Symbolreicher Besuch
Unmittelbar vor der mit Spannung erwarteten Parlamentswahl lieferten sich die Kandidaten einen letzten heftigen Schlagabtausch. Anders als Oppositionschef Isaac Herzog sei er der Garant dafür, dass Jerusalem nicht erneut geteilt werde, sagte Netanjahu. Er besuchte in der Früh demonstrativ die jüdische Siedlung Har Homa im Südosten von Jerusalem.

APA/EPA/Abir Sultan
Netanjahu und seine Baupläne in der Siedlung Har Homa
Dieses große Neubauviertel ist besonders umstritten, weil es erst nach dem Oslo-Abkommen wie ein Riegel zwischen Jerusalem und ihrer historischen Schwesterstadt Bethlehem errichtet wurde. In Har Homa versprach Netanjahu für den Fall seiner Wiederwahl: „Wir werden in Jerusalem Tausende Neubauwohnungen errichten und trotz des internationalen Drucks unsere ewige Hauptstadt vergrößern.“
Am Dienstag sind knapp sechs Millionen Stimmberechtigte aufgerufen, bereits nach etwas mehr als zwei Jahren erneut über die Zusammensetzung der Knesset zu entscheiden. Die Neuwahl gilt als Referendum über die Regierungszeit Netanjahus, der seit 2009 im Amt ist. Er baute in seiner Kampagne ausschließlich auf das Thema Sicherheit, insbesondere die Bedrohung durch das iranische Atomprogramm. Wenig Beachtung schenkte seine konservative Likud-Partei sozialen Themen.

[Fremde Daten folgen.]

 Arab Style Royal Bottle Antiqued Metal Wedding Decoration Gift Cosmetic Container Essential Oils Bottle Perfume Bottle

Angriffe auf Herausforderer
Um verlorenen Boden gutzumachen, entschloss sich Netanjahu zudem kurzfristig, bei einer Großkundgebung des rechten Lagers am Sonntagabend in Tel Aviv zu sprechen, was ursprünglich nicht vorgesehen war. Dort warnte er die rund 25.000 Teilnehmer vor „einer realen Bedrohung“ der Sicherheit Israels und der Zukunft Jerusalems, sollte die Zionistische Union die Wahl gewinnen. Israel hatte Ostjerusalem 1967 erobert und 1980 annektiert, was von der internationalen Staatengemeinschaft nicht anerkannt wird.

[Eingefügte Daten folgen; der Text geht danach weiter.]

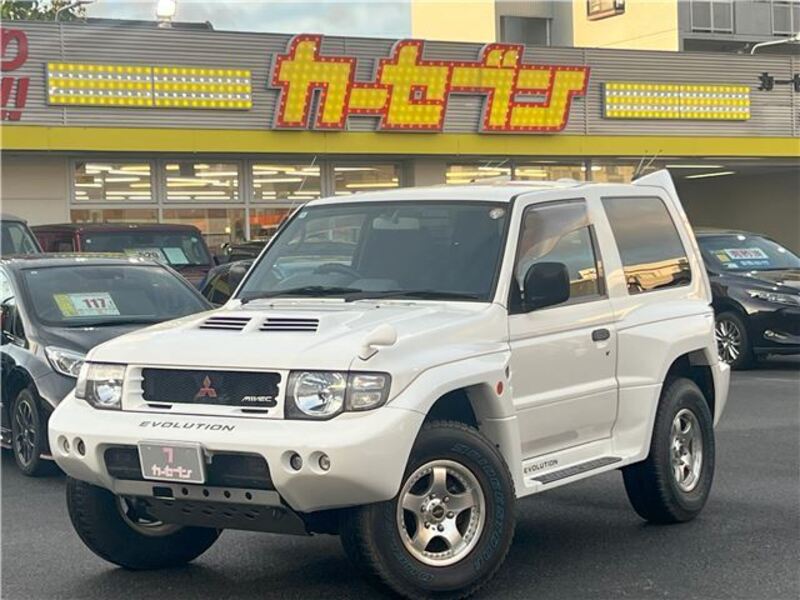 MITSUBISHI PAJERO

Zugleich verschärfte der konservative Regierungschef in Interviews am Montag seine Angriffe auf die Herausforderer. Herzog und Livni verurteilten „den von mir veranlassten Ausbau der jüdischen Viertel in der Stadt“, sagte Netanjahu dem israelischen Nachrichtenportal Walla. „Sie sind fähig, alles aufzugeben, unter jedem Diktat zu katzbuckeln, inklusive des Atomabkommens mit dem Iran.“
Ehud Barak wirbt für Herzog
Herzog wies die Vorwürfe des Regierungschefs zurück. „Ich bin besser als jeder andere Kandidat in der Lage, Jerusalem und seine Bewohner zu schützen - und zwar mit Taten und nicht nur mit Worten“, versicherte der Vorsitzende der Arbeitspartei bei einem Besuch an der Klagemauer in der Jerusalemer Altstadt.

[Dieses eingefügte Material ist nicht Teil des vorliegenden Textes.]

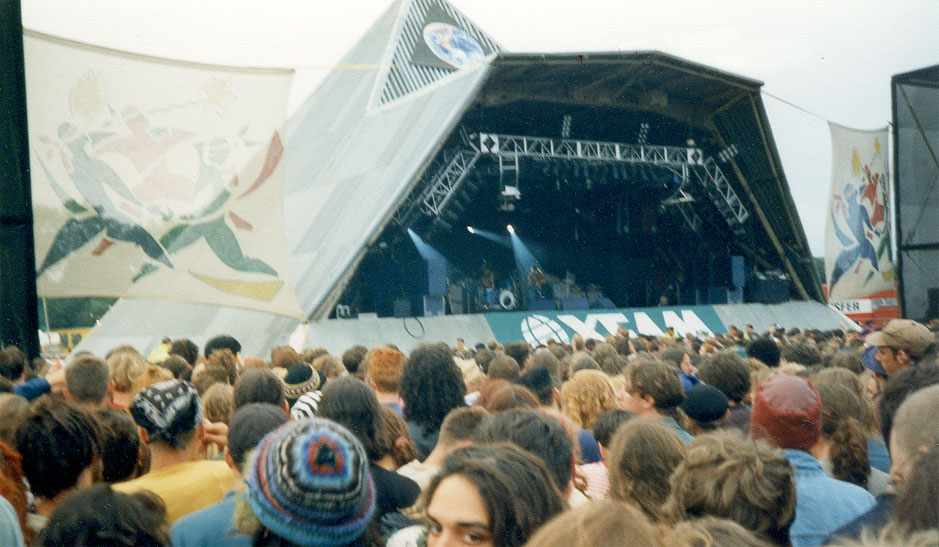 Pyramid Stage del festival Glastonbury en junio de 1993. Fotografía de archivo.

Prominente Unterstützung erhielt er am letzten Tag vor der Wahl noch von Ehud Barak, der es 1999 als letzter Chef der Arbeitspartei geschafft hatte, das Amt des Ministerpräsidenten zu erobern. Herzog sei so „erfahren und zuverlässig“, dass Israel seine Sicherheit beruhigt in seine Hände legen könne, sagte Barak, der Netanjahu nach seiner ersten Regierungszeit abgelöst hatte.